Mike Link and Kate Crowley took a 1,555 mile walk two years ago. Around Lake Superior. For 5 months. As close to the shore as possible the entire way. Why? To explore, to meet people, to gather environmental information, and to call attention to the needs of, and the concerns for, the lake. In their book, as was the case in the interviews and presentations they gave throughout their walk, their message about fresh water and Lake Superior, their concern for the future, is delivered in the context of a story, the story of a walk around a lake. A big part of the story is the sharing of the stories of people they met.
The idea started out as a whim, but the journey became a passion for the 60+-year-old couple. Link was retiring after nearly 40 years with the Audubon Center of the North Woods. “Think of it,” they say, “as lassoing a dream and creating the perfect summation for your career and life.” The purpose of their adventure? To learn, to teach, to research, to observe, and to record.
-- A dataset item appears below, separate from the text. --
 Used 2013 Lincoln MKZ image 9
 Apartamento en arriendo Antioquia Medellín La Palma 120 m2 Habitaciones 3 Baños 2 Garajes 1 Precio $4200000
Why Lake Superior? For one thing, it holds 10 percent of all the fresh water on the surface of the earth and preserving that heritage is crucial to them as naturalists. Along the way, the authors set an example for their grandchildren and generations to come — an important intention for them. They also surveyed 570 people, monitored their dietary and health status, and videotaped folks sharing their feelings and concerns about the Big Lake. They took 300 point samples, one roughly every 3 miles of shoreline, gathering GPS waypoints, taking photographs in the four cardinal directions, and writing field notes to compile data they shared with a number of academic institutions.
Photographs abound in this engaging story that is part personal journal, part investigative journalism.